It has been confirmed that a fully-electric boat will temporarily replace the Papa Stour ferry during a four-week trial in 2025

Photo: Shetland News

THE SMALL community of Papa Stour says there has been a “total lack of consultation” with residents over plans to trial a fully-electric vessel on the island’s ferry route.

It has now been confirmed to Shetland News that the UK-first trial – announced last week – would see an electric boat take over the Papa Stour ferry route for around four weeks in 2025.

A spokesperson for Shetland Islands Council, which operates the Papa Stour ferry, said this is subject to the vessel meeting the required MCA certification to carry passengers, among other items such as shoreside infrastructure and linkspans.

But the island community say news of the project’s funding last week came completely out of the blue.

More than £6 million of UK Government funding has been pledged for the project, which is being led by the Devon based company Coastal Workboats.

The company said it offered a chance to demonstrate the viability of electric boat technology. The project also involves local company BK Marine.

A spokesperson for Coastal Workboats confirmed that the four-week demonstration – which is also subject to successful sea trials – will involve passengers and cargo, with the electric vessel replacing the Snolda for the duration of the trial.

Digital render of the new Coastal Workboats E-LUV prototype.

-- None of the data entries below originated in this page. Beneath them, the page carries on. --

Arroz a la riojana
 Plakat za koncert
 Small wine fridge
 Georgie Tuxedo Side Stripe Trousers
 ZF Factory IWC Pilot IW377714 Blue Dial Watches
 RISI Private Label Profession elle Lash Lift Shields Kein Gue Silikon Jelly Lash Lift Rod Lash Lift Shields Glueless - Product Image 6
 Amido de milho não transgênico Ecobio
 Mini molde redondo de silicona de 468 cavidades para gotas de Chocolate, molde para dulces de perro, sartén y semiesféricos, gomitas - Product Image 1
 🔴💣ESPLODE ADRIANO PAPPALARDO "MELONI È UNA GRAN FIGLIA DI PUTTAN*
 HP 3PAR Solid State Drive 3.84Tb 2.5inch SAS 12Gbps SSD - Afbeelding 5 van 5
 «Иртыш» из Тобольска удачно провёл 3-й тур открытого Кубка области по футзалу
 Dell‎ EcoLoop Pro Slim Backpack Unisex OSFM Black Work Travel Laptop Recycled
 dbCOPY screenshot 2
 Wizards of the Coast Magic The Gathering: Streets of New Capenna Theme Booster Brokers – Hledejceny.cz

They also said Shetland Islands Council was involved in discussions regarding the project.

The spokesperson said the route, between Papa Stour and West Burrafirth, was chosen “simply because we received an enquiry for a similar vessel and the operating profile seemed well suited for the net zero project”.

The boat in question would be recharged by an onshore power unit, which can also be carried on deck.

The council, though, stressed that the details of the trial still needs to be planned and agreed – with the community set to be involved in the process.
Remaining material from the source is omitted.